Las palabras de la abuela le habían dado una nueva perspectiva sobre los humanos.
Isha tomó la lista en su mano y con una pequeña llama en su palma, comenzó a quemarla.
Las cenizas fueron arrastradas por la brisa de la tarde y se dispersaron lentamente en el viento.
Gracias, abuela, por consentirme todo el día. Aunque no supimos quién es mi cuñado.
La abuela sonrió. «Está bien.
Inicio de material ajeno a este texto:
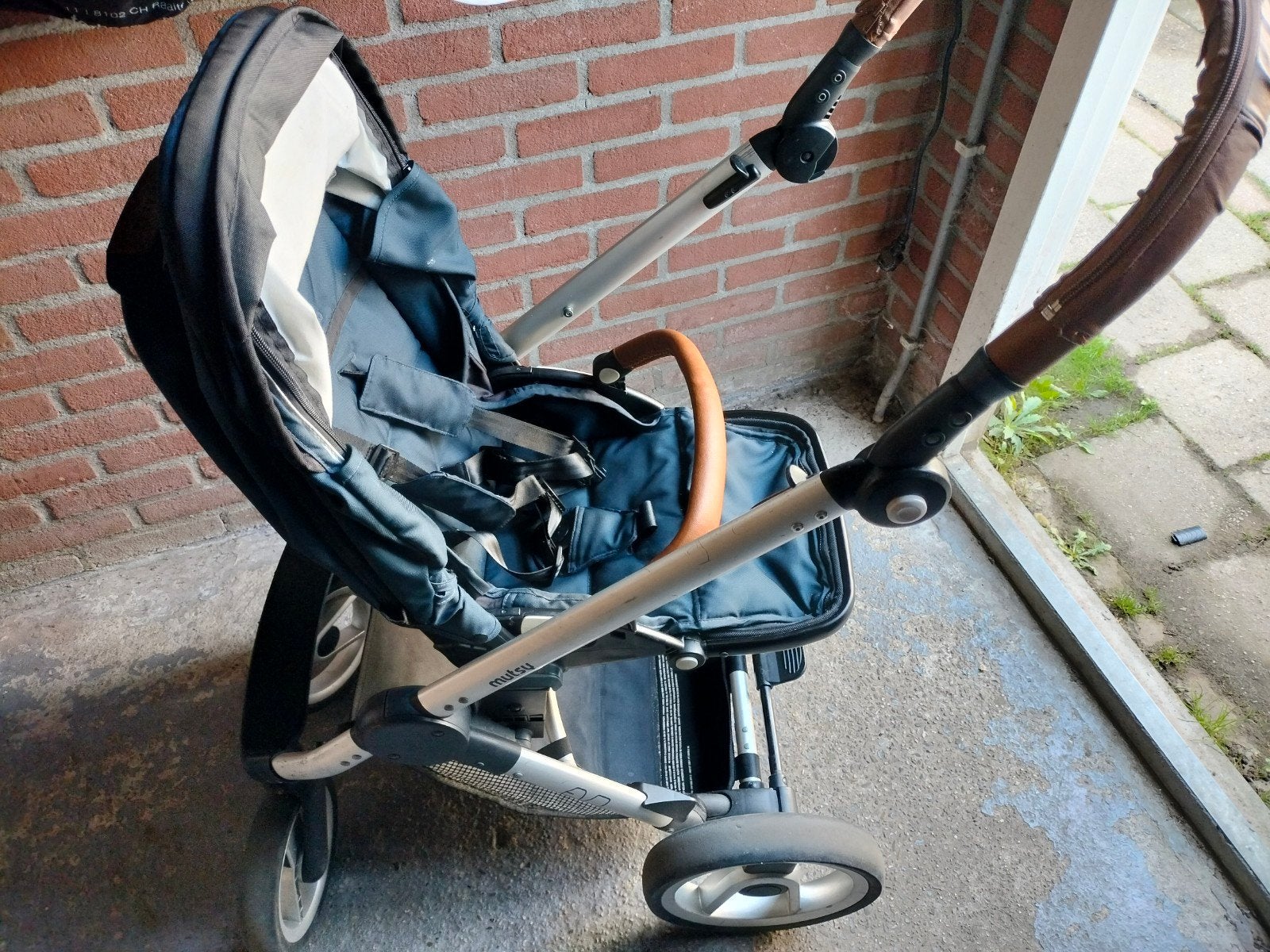 Mutsy Combiwagen met voetenzak en Reiswieg/baby ligbak, Ophalen, Gebruikt, Combiwagen, Met reiswieg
Pero la próxima vez, si tienes otro juego como este, no olvides incluirme».
Isha sonrió, pasando un brazo por los hombros de su abuela mientras se dirigían a las escaleras. «No esperaba que fueras tan chismosa, abuela. Con cientos de años, sigues siendo tan entrometida».
“¿Y supongo que sólo a los jóvenes se les permite chismorrear?”
—No, no. Pero la próxima vez, quizá investigue algo más.
«¿Cómo qué?»
“¿El tercer hijo de la pequeña Ros y mi cuñado, quizás?”
Los dos abandonaron la azotea, con risas que los acompañaban mientras el silencio descendía una vez más.
Un pequeño trozo de papel, aún ardiendo, cayó al suelo; sus bordes brillaban débilmente con brasas.
Con un último estallido de calor, la palabra “humano” fue consumida, sin dejar rastro.